Aset Suherimanto, Mantan Direktur Pertamina Trans Kontinental, Disita Kejaksaan

 

Kejaksaan Agung terus mengembangkan kasus dugaan korupsi pengadaan kapal Anchor Handling Tug Supply (AHTS) PT Pertamina Trans Kontinental. Kali ini, Kejaksaan Agung menggandeng Kejaksaan Negeri Sleman menyita sebuah bangunan dan tanah di Ngemplak, Sleman, Yogyakarta.

Tim penyidik Kejaksaan Agung menyebutkan aset tersebut merupakan milik tersangka dalam kasus itu. Tersangka dalam kasus itu adalah Suherimanto bekas Direktur Utama  PT Pertamina Transkontinental.

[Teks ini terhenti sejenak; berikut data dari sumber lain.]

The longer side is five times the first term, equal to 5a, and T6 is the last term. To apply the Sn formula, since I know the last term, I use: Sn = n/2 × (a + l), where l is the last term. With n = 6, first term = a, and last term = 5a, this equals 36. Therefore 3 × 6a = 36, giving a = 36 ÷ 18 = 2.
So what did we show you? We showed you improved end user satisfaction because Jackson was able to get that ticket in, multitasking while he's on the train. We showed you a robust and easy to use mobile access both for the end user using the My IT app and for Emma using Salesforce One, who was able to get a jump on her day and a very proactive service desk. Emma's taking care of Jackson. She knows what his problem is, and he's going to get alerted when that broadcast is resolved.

Kasus itu diduga merugikan negara sekitar Rp 35,32 miliar.

“Bangunan yang merupakan tempat indekos eksklusif dan tanah seluas sekitar 1.000 meter tersebut adalah milik mantan Direktur Utama PT Pertamina Transkontinental yang terjerat kasus korupsi,” kata Kepala Seksi Pidana Khusus (Pidsus) Kejaksaan Negeri Sleman Yulianta, Sabtu, 14 Oktober 2017. Adapun penyitaan dilakukan pada Jumat 13 Oktober 2017.

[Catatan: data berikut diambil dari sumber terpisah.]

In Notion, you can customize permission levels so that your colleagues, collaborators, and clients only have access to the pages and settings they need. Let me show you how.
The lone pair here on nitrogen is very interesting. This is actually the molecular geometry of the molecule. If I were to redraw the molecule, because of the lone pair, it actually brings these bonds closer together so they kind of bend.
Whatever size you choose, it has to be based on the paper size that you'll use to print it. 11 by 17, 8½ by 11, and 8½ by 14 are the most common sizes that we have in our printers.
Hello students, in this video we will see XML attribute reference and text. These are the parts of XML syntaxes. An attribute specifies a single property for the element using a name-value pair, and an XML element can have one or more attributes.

Menurut dia, penyitaan tersebut telah dilakukan Tim Penyidik Kejaksaan Agung (Kejagung) beberapa hari lalu.

“Kami sifatnya hanya membantu proses eksekusi agar bisa berjalan lancar,” katanya.

Menurut dia, penyitaan bangunan dan tanah seluas lebih dari 1.000 meter persegi senilai sekitar Rp35 miliar tersebut merupakan kelanjutan dari penyidikan kasus korupsi pengadaan dua buah kapal oleh PT Pertamina.

“Dua aset bangunan dan tanah tersebut disita Kejaksaan Agung setelah ditetaplannya SH mantan Direktur Utama Pertamina Transkontinental sebagai tersangka dalam kasus pengadaan dua buah kapal oleh Pertamina,” katanya.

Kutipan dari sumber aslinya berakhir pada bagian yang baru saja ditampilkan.